Jakarta – Pemerintah memiliki program untuk meningkatkan akses seluruh masyarakat terhadap layanan keuangan formal atau yang disebut dengan inklusi keuangan. Hal ini diwujudkan melalui Peraturan Presiden Nomor 82 Tahun 2016 tentang Strategi Nasional Keuangan Inklusif.
Berdasarkan data Bank Dunia di tahun 2014, jumlah penduduk dewasa Indonesia yang telah memiliki rekening di lembaga keuangan formal baru sekitar 36%. Hal ini mendorong pemerintah untuk meningkatkan inklusi keuangan masyarakatnya hingga menjadi 79% di tahun 2019 nanti.
“Meski meningkat dari tahun 2011 yang hanya sebesar 19,6%, namun jika dibandingkan negara peer (sebanding), penduduk banked di Indonesia masih cukup rendah. Malaysia 81%, India 53%, China 79%, dan Brazil 68%,” ujar Direktur Departemen Kebijakan dan Pengawasan Sistem Pembayaran Bank Indonesia, Pungky P. Wibowo dalam jumpa pers di Bank Indonesia, Jakarta, Senin (13/3/2017).
Dengan masih sedikitnya penduduk Indonesia yang terhubung ke sistem keuangan formal, peningkatan kesejahteraan terancam menjadi imbasnya. Hal ini disebabkan masyarakat tidak memiliki sarana untuk menabung dengan berlanjut dan menjadi tidak dikenal oleh lembaga keuangan sehingga tertutup potensi untuk mendapatkan pembiayaan dan produk keuangan lainnya.
Pungky menyebutkan, setidaknya ada dua hal yang selama ini menyebabkan masyarakat enggan untuk melakukan akses keuangan secara formal seperti perbankan.
“Dari sisi permintaan, misalnya jarak yang jauh ke kantor cabang bank, waktu lama untuk mengantri, formalitas yang tinggi, dan tidak adanya dokumen identitas yang lengkap, itu jadi penyebabnya,” ujar dia.

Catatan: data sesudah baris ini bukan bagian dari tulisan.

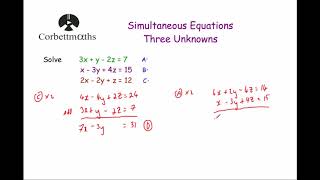 Simultaneous Equations with Three Unknowns [upl. by Rosol]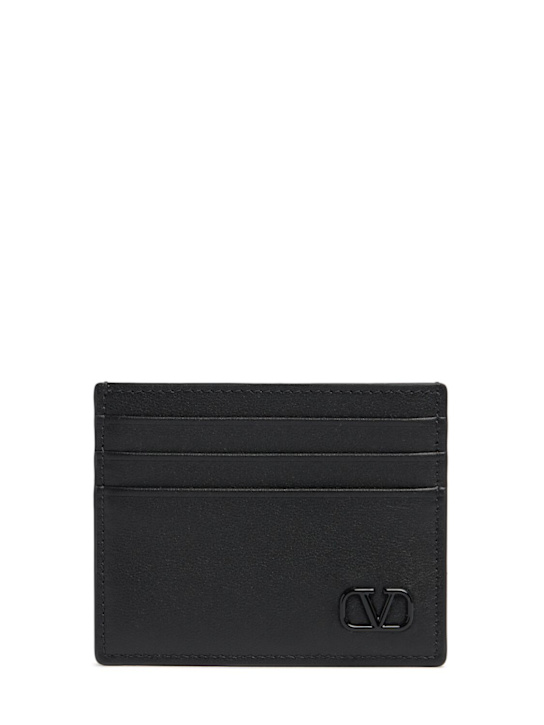 Valentino Garavani: Mini Vlogo signature card holder - Black - men_0 | Luisa Via Roma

“Ada juga dari sisi penyedia jasa keuangan, pendirian kantor cabang bank dirasa mahal dan persyaratannya pun cukup kompleks, layanan keuangan untuk masyarakat kecil bukanlah bisnis yang menguntungkan, dan tidak adanya produk yang sesuai untuk segmen nasabah tersebut,” pungkasnya.